1

I am trying to architect an event streaming system to replace our existing database table polling mechanism. We currently have a process where Application ABC will query/scan the entire XYZ (MySQL) table every 5 minutes so that we may get any updates to our data and cache them on Application ABC. As our data grows this will not be scalable or performant.

Instead, I want to have Application ABC read from a Kafka stream that contains any new events around the XYZ table, and use that to modify Application ABC's in-memory cache.
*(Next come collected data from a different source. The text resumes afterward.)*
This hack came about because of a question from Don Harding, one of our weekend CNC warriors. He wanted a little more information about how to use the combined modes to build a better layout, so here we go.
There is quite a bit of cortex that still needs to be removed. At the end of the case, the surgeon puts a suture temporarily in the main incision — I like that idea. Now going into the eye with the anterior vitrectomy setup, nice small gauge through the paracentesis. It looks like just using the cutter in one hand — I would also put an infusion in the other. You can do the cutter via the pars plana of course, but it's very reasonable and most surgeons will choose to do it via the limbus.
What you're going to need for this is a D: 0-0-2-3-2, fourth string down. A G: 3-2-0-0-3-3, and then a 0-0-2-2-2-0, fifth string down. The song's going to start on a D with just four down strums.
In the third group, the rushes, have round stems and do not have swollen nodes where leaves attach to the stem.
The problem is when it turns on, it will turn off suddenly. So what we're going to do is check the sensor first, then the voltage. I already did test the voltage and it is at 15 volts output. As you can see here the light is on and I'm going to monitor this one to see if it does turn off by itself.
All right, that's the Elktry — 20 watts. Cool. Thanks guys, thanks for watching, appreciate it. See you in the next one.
Where I'm having a hard time formulating a good solution is the initial database table load onto the Kafka stream. Since all the XYZ data that would be consumed by Application ABC is cached, we lose that data when we redeploy all of the Application ABC nodes. So we would need some kind of mechanism to be able to get all the XYZ data from the initial load onto the stream. I know Kafka streams are supposed to allow for infinite retention but I'm not sure if infinite retention is a realistic solution in this case due to cost.
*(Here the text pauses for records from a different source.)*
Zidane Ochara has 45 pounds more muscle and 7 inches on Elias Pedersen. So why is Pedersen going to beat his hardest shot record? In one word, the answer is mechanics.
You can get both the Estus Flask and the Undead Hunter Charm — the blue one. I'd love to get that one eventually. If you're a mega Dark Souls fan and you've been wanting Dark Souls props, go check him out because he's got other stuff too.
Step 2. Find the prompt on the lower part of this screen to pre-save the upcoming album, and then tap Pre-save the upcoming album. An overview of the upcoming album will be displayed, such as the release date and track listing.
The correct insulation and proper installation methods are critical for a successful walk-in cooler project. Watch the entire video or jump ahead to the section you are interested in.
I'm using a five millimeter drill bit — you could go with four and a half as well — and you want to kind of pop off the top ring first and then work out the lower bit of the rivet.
What's the usually prescribed solution around this initial load case where Application ABC would need to reload the entire database again off of the stream (every time a new instance is spun up)? Also trying to think about what is the most performant solution here so that Application ABC has the lowest latency to be able to gather all the data it needs from XYZ Table.

Another constraint to mention is that Application ABC needs to have this data in memory for performance reasons. We need to be able to iterate over the entire XYZ data set at all times. We cannot do simple queries by ID.

Farhan Islam
  • 609
  • 2
  • 7
  • 21

1 Answers1

2

There is a bit to unpack here but here are is some info.

Instead of polling the DB, consider using a source connector to get the data into Kafka. Debezium is made for this. You havent specified what type of database you are using, but it does support quite a few variants. The mechanism is called CDC - Change Data Capture, and it needs to be enabled on the database and each of the tables first.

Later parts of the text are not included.